I love playing ice hockey more than anything else. If you play hockey, I probably don't have to explain this any further.
I played for most of the early 90's when I was quite young and lived in New York, then forgot about it for almost a decade, and then started again from the bottom around 5-6 years go. I'm now in my early 30s, and live in a place (Australia) that doesn't have the same fervent support and training as other places, so I'm turning to the trusty green for help.
Currently, I play drop-in for about 90 minutes three times a week, and then officiate one day a week, usually for three games in a row, and thats about the extent of my physical activity. This tends to keep in pretty decent shape all around, and have been improving at a pace that should be expected of someone my age (I think...), however there are two specific areas that I am concerned about, and have been considering using the three days that I'm not on the ice to try and develop a routine to address these, either a gym or at home.
1) Lower Back Pain and Hip Tightness - I know this just comes with the territory of getting older, but usually each day after a session I have to spend at least a day recovering. I tried doing strength exercises like deadlifts and squats, but that ended up making me so sore that I couldn't play the next day, and sort of defeated the purpose. Is there any way I can slowly build these core muscles to avoid such tight hips and back muscles that will still allow me to play the next day?

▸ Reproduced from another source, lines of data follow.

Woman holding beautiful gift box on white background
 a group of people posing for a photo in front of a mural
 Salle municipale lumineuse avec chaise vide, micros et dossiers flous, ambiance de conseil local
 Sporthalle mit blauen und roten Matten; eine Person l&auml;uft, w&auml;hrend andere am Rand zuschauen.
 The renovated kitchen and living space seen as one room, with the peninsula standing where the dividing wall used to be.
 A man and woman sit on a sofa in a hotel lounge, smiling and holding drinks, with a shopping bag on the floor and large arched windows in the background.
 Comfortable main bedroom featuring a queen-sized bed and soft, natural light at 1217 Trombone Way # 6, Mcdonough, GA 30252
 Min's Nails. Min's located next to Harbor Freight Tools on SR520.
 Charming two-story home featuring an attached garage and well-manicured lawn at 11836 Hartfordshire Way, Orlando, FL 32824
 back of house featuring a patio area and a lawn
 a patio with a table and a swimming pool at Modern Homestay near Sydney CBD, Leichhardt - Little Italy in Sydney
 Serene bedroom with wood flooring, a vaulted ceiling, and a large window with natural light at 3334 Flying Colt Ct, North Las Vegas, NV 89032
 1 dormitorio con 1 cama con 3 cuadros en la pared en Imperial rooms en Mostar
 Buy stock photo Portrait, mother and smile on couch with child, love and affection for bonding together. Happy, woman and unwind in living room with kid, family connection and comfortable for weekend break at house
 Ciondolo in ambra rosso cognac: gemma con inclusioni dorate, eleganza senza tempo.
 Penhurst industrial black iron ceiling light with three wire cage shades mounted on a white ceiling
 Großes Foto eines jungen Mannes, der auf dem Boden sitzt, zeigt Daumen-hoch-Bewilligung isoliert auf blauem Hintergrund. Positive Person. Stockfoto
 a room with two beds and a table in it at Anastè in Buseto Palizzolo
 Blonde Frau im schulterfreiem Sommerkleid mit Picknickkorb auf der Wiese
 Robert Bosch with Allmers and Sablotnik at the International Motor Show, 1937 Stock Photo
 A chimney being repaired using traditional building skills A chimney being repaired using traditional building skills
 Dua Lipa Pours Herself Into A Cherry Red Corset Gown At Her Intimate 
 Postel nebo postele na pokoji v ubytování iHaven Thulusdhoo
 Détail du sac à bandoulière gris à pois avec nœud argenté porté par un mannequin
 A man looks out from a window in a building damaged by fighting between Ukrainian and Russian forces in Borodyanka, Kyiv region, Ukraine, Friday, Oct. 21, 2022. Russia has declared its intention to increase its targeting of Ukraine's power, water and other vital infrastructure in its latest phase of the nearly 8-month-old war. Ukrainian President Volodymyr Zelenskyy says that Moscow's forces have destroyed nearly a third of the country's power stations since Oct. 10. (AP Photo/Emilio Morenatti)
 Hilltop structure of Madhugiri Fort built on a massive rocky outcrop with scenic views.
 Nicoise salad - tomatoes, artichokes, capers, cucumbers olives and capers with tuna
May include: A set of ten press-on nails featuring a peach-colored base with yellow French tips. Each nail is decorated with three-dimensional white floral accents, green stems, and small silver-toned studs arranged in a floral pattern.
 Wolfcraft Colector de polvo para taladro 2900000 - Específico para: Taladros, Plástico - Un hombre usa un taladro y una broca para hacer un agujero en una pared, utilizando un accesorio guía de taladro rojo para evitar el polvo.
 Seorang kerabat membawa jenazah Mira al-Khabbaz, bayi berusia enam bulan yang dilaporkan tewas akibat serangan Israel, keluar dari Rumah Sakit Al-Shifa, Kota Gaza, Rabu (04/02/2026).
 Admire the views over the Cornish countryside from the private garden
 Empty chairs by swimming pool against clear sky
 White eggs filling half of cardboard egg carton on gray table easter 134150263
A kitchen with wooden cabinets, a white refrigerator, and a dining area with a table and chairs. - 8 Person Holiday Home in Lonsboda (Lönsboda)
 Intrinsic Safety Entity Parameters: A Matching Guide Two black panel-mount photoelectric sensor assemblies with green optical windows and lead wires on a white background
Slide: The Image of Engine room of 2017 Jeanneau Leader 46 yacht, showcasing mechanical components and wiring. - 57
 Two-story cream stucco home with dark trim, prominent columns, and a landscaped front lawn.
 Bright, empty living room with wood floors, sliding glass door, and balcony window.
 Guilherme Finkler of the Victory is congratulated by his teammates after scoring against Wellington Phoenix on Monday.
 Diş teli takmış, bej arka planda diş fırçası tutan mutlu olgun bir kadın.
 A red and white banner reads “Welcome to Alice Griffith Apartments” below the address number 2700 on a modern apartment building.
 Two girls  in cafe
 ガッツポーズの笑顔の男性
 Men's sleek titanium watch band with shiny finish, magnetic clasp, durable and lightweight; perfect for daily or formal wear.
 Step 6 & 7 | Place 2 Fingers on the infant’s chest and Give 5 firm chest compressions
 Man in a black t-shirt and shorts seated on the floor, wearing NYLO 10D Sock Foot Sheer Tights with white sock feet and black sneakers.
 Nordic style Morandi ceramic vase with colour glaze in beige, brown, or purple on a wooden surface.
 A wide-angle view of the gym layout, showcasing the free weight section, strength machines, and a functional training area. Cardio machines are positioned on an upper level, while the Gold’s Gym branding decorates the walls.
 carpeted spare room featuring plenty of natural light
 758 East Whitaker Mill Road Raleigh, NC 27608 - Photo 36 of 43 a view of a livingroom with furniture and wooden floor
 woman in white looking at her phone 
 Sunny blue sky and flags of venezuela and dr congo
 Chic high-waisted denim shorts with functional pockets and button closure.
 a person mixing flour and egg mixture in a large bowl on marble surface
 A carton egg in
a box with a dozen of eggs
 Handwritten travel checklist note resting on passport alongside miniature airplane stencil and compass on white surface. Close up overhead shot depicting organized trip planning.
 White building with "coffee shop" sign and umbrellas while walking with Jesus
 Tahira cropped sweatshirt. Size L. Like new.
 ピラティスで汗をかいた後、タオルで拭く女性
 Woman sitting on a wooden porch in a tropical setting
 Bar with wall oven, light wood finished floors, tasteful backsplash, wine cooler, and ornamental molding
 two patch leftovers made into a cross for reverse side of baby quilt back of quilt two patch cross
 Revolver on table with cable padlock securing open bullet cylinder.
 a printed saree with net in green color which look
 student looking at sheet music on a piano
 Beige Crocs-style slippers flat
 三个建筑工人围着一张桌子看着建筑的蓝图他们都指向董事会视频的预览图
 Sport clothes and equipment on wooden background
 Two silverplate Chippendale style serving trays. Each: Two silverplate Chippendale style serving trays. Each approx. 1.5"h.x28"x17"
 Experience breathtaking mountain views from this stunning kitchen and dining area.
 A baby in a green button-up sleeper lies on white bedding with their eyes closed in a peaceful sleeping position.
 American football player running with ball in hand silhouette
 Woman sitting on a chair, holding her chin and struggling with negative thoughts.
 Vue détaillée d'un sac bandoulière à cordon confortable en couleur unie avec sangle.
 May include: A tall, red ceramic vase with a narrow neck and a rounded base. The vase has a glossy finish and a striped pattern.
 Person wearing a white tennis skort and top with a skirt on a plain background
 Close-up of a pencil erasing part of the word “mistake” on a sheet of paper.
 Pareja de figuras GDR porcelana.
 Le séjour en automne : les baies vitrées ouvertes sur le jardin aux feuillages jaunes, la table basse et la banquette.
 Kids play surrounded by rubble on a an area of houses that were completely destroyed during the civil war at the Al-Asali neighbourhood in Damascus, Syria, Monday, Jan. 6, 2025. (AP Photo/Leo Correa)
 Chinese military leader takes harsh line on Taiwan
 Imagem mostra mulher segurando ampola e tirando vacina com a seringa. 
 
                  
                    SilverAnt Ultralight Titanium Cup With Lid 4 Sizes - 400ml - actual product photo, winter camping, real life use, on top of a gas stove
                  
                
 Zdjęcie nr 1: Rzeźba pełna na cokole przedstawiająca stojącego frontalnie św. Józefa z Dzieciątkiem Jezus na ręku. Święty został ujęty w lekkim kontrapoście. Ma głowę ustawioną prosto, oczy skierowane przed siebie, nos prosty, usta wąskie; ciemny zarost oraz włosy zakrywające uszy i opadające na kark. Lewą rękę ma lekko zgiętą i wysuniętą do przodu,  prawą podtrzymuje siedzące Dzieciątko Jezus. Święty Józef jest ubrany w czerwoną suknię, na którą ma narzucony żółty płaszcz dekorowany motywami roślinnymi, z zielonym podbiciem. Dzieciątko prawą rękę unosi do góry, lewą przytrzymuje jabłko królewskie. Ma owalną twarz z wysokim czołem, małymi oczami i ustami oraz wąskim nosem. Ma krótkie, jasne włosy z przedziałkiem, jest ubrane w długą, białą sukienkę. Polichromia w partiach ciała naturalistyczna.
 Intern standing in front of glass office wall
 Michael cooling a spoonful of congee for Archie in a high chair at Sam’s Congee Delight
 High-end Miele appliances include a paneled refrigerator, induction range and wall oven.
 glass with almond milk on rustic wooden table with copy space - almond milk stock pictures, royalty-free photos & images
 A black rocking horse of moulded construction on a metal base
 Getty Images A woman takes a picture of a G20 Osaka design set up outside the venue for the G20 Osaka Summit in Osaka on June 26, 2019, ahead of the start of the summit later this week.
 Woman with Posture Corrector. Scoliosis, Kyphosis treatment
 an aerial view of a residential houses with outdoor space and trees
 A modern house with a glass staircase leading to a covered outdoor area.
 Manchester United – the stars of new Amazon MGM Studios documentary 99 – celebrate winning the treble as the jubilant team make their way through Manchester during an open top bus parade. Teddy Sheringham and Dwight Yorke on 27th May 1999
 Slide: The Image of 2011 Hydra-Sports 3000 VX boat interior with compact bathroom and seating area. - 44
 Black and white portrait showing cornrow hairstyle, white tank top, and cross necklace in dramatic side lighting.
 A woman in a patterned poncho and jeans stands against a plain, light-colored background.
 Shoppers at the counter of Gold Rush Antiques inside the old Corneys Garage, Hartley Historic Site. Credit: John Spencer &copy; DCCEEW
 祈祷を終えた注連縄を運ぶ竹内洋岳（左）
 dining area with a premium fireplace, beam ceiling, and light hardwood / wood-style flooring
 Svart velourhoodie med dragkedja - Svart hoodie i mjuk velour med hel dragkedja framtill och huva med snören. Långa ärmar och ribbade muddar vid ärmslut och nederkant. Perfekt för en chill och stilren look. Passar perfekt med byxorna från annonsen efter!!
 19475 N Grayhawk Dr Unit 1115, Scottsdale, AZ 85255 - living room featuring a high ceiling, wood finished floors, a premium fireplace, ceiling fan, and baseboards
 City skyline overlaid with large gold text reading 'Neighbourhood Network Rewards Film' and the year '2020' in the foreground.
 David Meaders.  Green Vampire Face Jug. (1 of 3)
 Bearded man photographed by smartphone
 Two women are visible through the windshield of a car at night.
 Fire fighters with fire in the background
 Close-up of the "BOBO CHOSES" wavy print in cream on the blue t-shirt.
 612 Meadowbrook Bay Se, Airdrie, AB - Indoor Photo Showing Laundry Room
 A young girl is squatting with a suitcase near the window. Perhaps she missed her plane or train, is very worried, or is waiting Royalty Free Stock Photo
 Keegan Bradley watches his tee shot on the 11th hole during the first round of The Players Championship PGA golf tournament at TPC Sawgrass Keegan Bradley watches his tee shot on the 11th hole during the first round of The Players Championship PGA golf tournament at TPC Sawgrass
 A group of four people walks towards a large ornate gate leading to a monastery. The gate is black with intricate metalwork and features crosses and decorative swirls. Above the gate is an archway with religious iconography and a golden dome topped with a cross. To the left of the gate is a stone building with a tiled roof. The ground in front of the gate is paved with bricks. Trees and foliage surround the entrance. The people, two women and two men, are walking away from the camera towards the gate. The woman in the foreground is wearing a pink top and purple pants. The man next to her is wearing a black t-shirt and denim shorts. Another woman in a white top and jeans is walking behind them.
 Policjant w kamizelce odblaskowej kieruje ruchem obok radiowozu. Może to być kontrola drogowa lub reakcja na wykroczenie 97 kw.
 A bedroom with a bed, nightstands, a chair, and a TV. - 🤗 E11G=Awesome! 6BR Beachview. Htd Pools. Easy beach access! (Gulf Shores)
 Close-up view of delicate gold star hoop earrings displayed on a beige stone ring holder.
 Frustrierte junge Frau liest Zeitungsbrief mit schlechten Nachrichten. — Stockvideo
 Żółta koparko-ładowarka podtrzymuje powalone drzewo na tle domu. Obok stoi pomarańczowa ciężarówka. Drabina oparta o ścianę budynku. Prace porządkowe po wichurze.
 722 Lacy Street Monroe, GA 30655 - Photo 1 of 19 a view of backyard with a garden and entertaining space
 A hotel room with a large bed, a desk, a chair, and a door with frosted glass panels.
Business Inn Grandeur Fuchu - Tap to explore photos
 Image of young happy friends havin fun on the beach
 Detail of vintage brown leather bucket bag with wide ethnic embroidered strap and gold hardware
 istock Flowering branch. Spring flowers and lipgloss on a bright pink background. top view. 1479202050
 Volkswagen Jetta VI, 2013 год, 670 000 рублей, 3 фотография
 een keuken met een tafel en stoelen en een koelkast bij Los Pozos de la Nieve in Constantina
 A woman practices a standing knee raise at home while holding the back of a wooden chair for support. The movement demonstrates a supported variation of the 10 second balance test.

2) Speed, agility, and fitness - This previous post
addresses this issue in some ways. My issue however is stopping and starting and just general bursts of speed. In one 60-90 second shift, I find that when I'm skating hard I can only come to a full stop and sprint at least once, or if I'm digging around the boards, one battle and I'm done. My overall endurance and aerobic fitness is good, and I've done interval training on the treadmill, but is there something that I could be doing that could increase this specific hockey stop/start aerobic facility?
3) Hand-Eye coordination - This is just getting worse somehow. My passes are constantly behind or in front of my target. I frequently lose the puck while attempting to deke. I've tried juggling and do lots of off-ice puckhandling - What's the secret here?
That's pretty must the gist of it, however I'm totally open to any other random training tips or resources (books/videos) anyone might have found useful on another level, or if any fellow hockey lovers can recommend any other forums or sources of knowledge to check out that might have relevant discussions, I would be most grateful!